通用声学模型14是从大规模带内容标注的口语语料训练得到，用于描述音素的发音特征分布的文件，是采用不同地区、不同口音影响的口语语音作为训练集，训练通用的三音子(Tri-Phone)声学模型，确保声学模型能够比较一致地匹配各地区、各类型考生的口语语音；The universal acoustic model 14 is obtained from large-scale spoken language corpus training with content labeling, and is used to describe the file of pronunciation feature distribution of phonemes. It adopts spoken voices influenced by different regions and different accents as a training set, and trains general triphones ( Tri-Phone) acoustic model to ensure that the acoustic model can more consistently match the spoken pronunciation of candidates in various regions and types;

在本实施例中，通用声学模型14是性别相关模型(Gender DependantModel)，即男声和女声采用不同的两套模型描述，而且，在通用声学模型14训练中，采用了最小音素错误区分度训练准则(Minimum PhoneError，MPE)和异方差线性区分性建模方法(Heteroscedastic LinearDiscriminant Analysis，HLDA)，确保声学匹配性能和识别效果。在本例中，男女声的通用声学模型，分别采用200多小时带精确标注的训练语料训练得到。In the present embodiment, the universal acoustic model 14 is a gender-dependent model (Gender DependantModel), that is, male and female voices are described using two different sets of models, and, in the universal acoustic model 14 training, the minimum phoneme error discrimination degree training criterion is adopted (Minimum Phone Error, MPE) and heteroscedastic linear discriminant modeling method (Heteroscedastic Linear Discriminant Analysis, HLDA), to ensure the acoustic matching performance and recognition effect. In this example, the general acoustic models for male and female voices are trained using more than 200 hours of training corpus with precise annotations.

容错发音词典15是用于描述口语词汇和发音音素的对应关系的文件，并包含常见的发音变异和发音错误标注信息。容错发音词典15是在发音词典中加入常见的单词口语发音变异和错误，确保在考生出现这类变异和错误时，降低语音识别路径搜索中裁减错误的风险，提高口语语音的识别率。发音变异和错误现象，在真实的口语语音中非常常见，需要通过容错发音词典描述这类现象。The error-tolerant pronunciation dictionary 15 is a file used to describe the corresponding relationship between spoken words and pronunciation phonemes, and contains common pronunciation variations and mispronunciation marking information. Fault-tolerant Pronunciation Dictionary 15 is to add common spoken word pronunciation variations and errors in the pronunciation dictionary to ensure that when candidates have such variations and errors, the risk of cutting errors in the speech recognition path search is reduced, and the recognition rate of spoken speech is improved. Pronunciation variation and errors are very common in real spoken speech, and it is necessary to describe such phenomena through an error-tolerant pronunciation dictionary.

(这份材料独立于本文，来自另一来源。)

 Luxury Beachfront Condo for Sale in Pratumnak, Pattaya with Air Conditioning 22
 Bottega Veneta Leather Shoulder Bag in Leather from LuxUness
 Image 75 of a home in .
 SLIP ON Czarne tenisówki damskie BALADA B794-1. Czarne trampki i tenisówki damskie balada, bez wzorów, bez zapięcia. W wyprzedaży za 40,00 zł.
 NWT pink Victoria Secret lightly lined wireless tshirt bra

语言模型11为N元文法模型(N-Gram)，根据口语评估专家设定的口语答题范围，动态生成语言模型，提高识别准确率，答题范围由口语评估专家设置，语言模型中包含常见的语法和用词错误，确保语言模型11和真实的口语语音内容匹配度，提高口语语音的识别率；语法和用词错误在朗读类题型中出现较少，但在口语翻译和话题简述类题型中很常见，因此，这类题型的语言模型需要增加常见的语法和用词错误，提高识别对齐的准确率。The language model 11 is an N-gram grammar model (N-Gram). According to the oral answer range set by the oral evaluation expert, the language model is dynamically generated to improve the recognition accuracy. The answer range is set by the oral evaluation expert. The language model includes common grammar and word mistakes, to ensure that the language model 11 matches the real spoken speech content, and improve the recognition rate of spoken speech; grammatical and word mistakes appear less in reading aloud questions, but in oral translation and topic brief description questions Therefore, the language model of this type of question needs to add common grammatical and word mistakes to improve the accuracy of recognition alignment.

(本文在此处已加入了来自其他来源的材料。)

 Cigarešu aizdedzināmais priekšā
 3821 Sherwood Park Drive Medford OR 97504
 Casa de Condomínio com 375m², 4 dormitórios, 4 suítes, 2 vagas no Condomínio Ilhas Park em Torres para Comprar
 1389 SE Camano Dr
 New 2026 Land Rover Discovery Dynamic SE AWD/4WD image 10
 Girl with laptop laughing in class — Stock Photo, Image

语音特征模块12，接收口语语音信息，生成口语语音倒谱特征参数(Cepstrum)信息；语音特征模块12是将输入口语语音信息进行数字信号处理，变成识别和对齐需要的语音倒谱参数特征，本实施例采用的是25ms帧长，10ms帧移的13维感知线性预测(Perceptual Linear Predict，PLP)特征，加上一阶和二阶差分，构成39维特征向量；Speech feature module 12, receives spoken speech information, generates spoken speech cepstrum feature parameter (Cepstrum) information; Speech feature module 12 is to carry out digital signal processing with input spoken speech speech information, becomes the speech cepstrum parameter feature that recognition and alignment need, In this embodiment, the 13-dimensional perceptual linear prediction (Perceptual Linear Predict, PLP) feature with a frame length of 25 ms and a frame shift of 10 ms is used, and the first-order and second-order differences are added to form a 39-dimensional feature vector;

识别对齐模块13，分别读取通用声学模型14、容错发音词典15和语言模型11，与语音特征模块12连接，接收语音特征模块12输出的口语语音倒谱特征参数信息，利用帧同步(Viterbi)搜索算法，将口语语音倒谱特征参数信息，在容错发音词典15和语言模型11的约束下，与通用声学模型14进行动态匹配，输出识别文字信息和对齐结果信息。Recognition and alignment module 13 reads the general acoustic model 14, the fault-tolerant pronunciation dictionary 15 and the language model 11 respectively, is connected with the speech feature module 12, receives the spoken speech cepstrum feature parameter information that the speech feature module 12 outputs, utilizes frame synchronization (Viterbi) The search algorithm dynamically matches the cepstrum characteristic parameter information of the spoken language with the general acoustic model 14 under the constraints of the fault-tolerant pronunciation dictionary 15 and the language model 11, and outputs the recognized text information and alignment result information.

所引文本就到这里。